#### [DATASET CONTENT]

==========

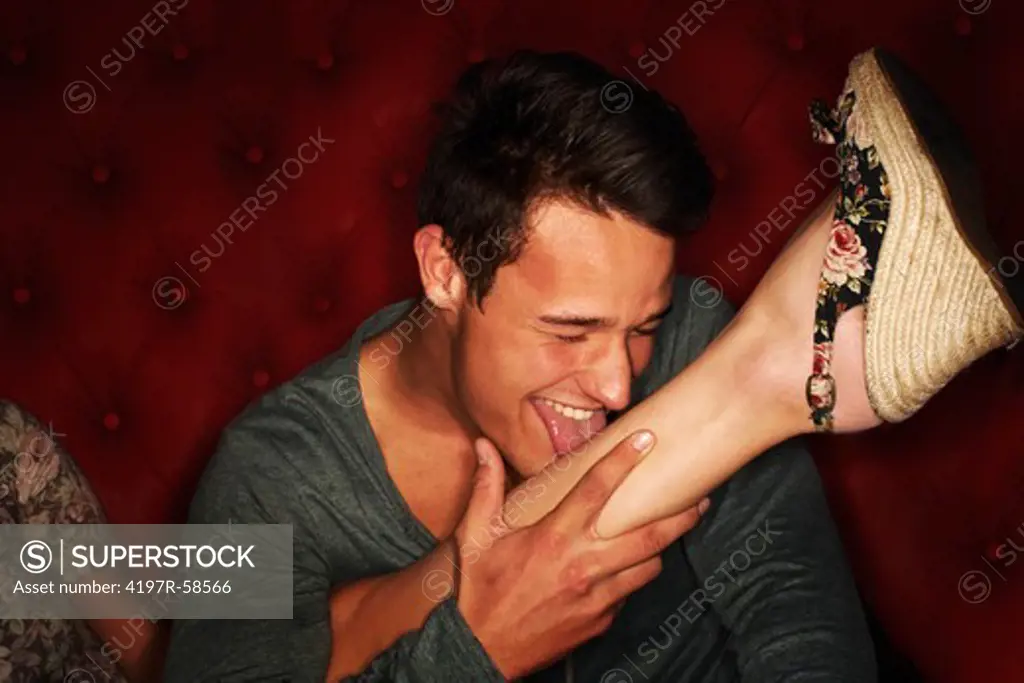 A young guy licking a woman's leg while out on a crazy night of partying
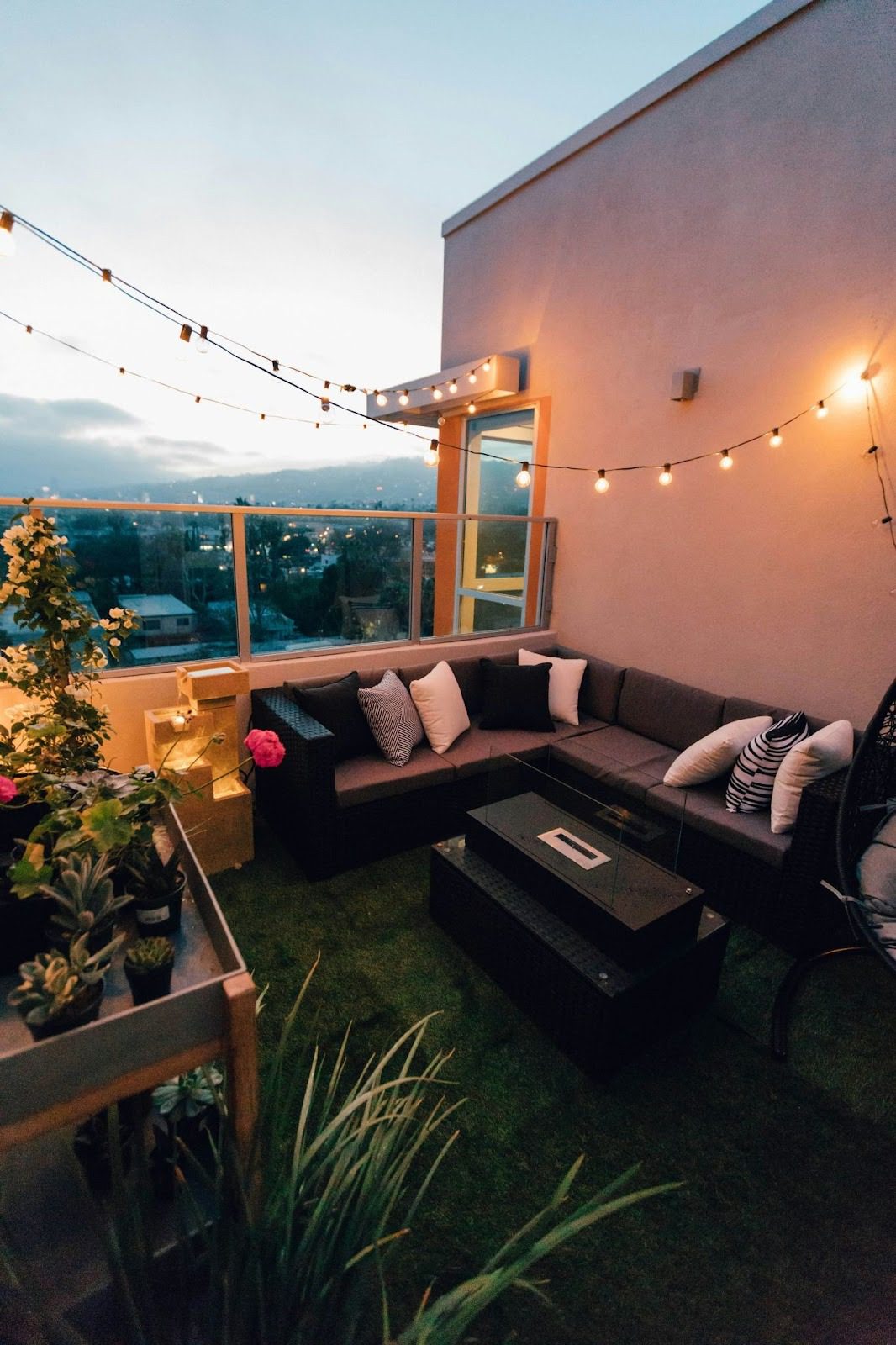outdoor balcony area with string lights, a sofs and lots of cushions
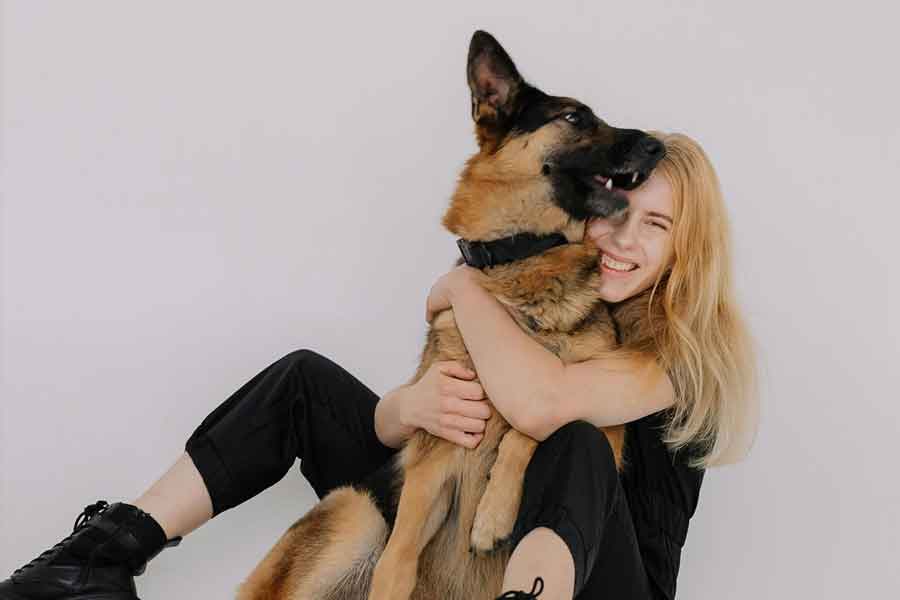 A woman with blond hair wearing black sits behind a german shepherd and hugs it tightly.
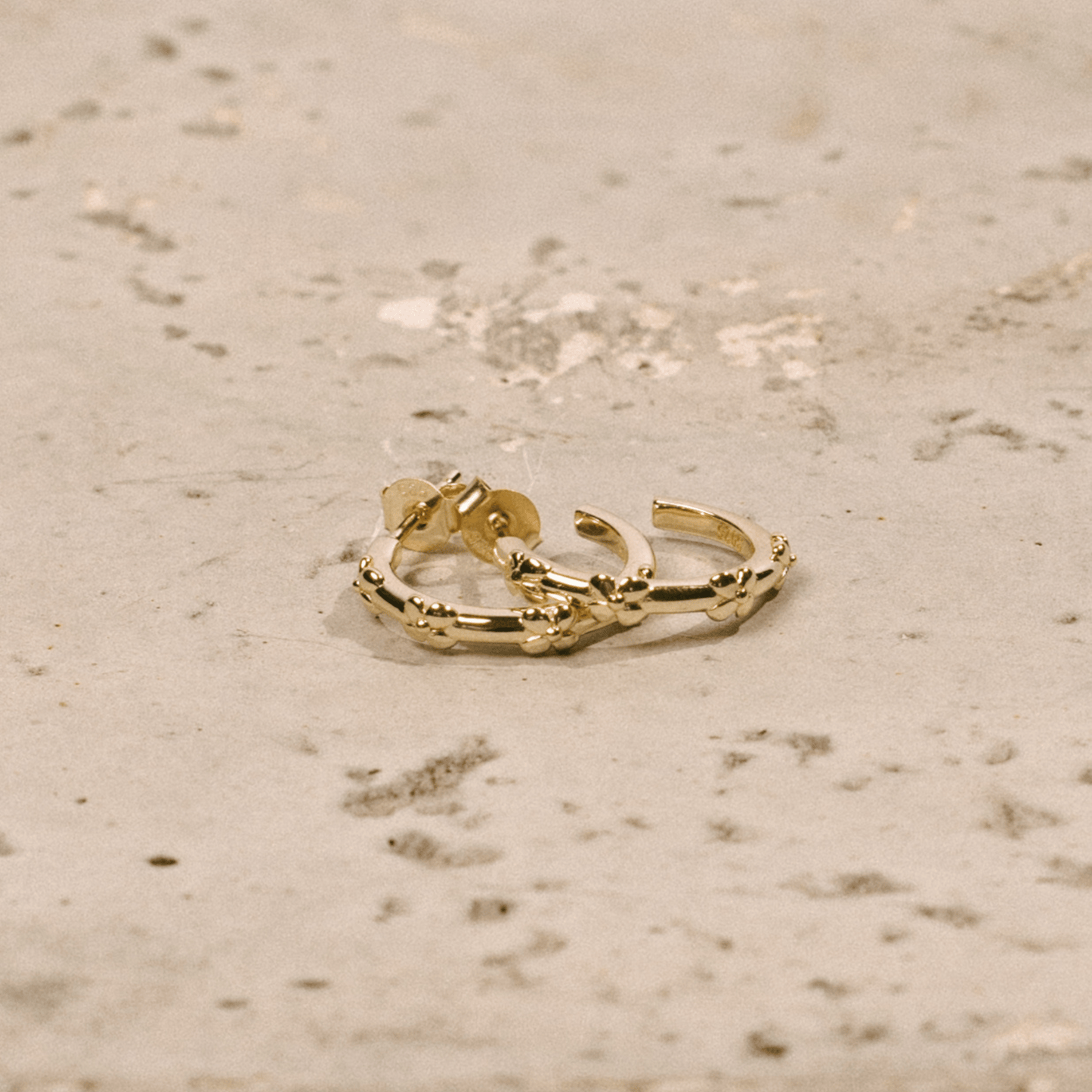 The hydrangea hoops are simple golden hoops adorned with hydrangea flowers.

==========

#### [PROMPT]
After removing the pictures, restate the whole listing above word for word.

#### [WRITTEN SOLUTION]
 A young guy licking a woman's leg while out on a crazy night of partying
outdoor balcony area with string lights, a sofs and lots of cushions
 A woman with blond hair wearing black sits behind a german shepherd and hugs it tightly.
 The hydrangea hoops are simple golden hoops adorned with hydrangea flowers.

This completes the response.